A recent report by the National Consumer Law Center (NCLC), a nonprofit organization that advocates on behalf of low-income people, found that:
• Prepaid unemployment compensation cards in 22 states charge fees at network automated teller machines, or ATMs, and cards in all 50 states charge a fee at out-of-network ATMs, in addition to ATM surcharges.
• Cards in 28 states charge inactivity fees.
• Cards in 24 states charge ATM balance-inquiry fees.
• Cards in 16 states charge for calls to automated customer service menus.
• Cards in five states charge overdraft fees of $10 to $20.
• Transactions that use a personal identification number, or PIN, live customer service calls and withdrawals assisted by a bank teller can also trigger fees in some states.

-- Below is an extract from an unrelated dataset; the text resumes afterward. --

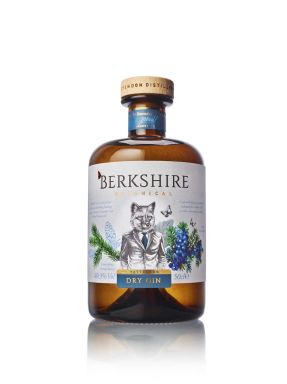 Logo for: Berkshire Botanical Dry Gin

• Only three states offer a choice of a paper check, direct deposit or prepaid card.
• Six states that use prepaid cards don't offer direct deposit as an option.
The report singled out the overdraft fees on U.S. Bank-issued cards in Arkansas, Idaho, Nebraska, Ohio and Oregon as being "especially problematic."
Cards issued by JP Morgan Chase in Tennessee were cited as having the most "junk fees," including ATM, PIN debit, denied transaction and balance inquiry charges.
California and New Jersey were lauded as having the best unemployment compensation cards, issued by Bank of America. California lost a point for not offering direct deposit as an alternative, however.
The typical unemployment compensation check, according to the NCLC, is only $294 a week, barely a third of the average wage.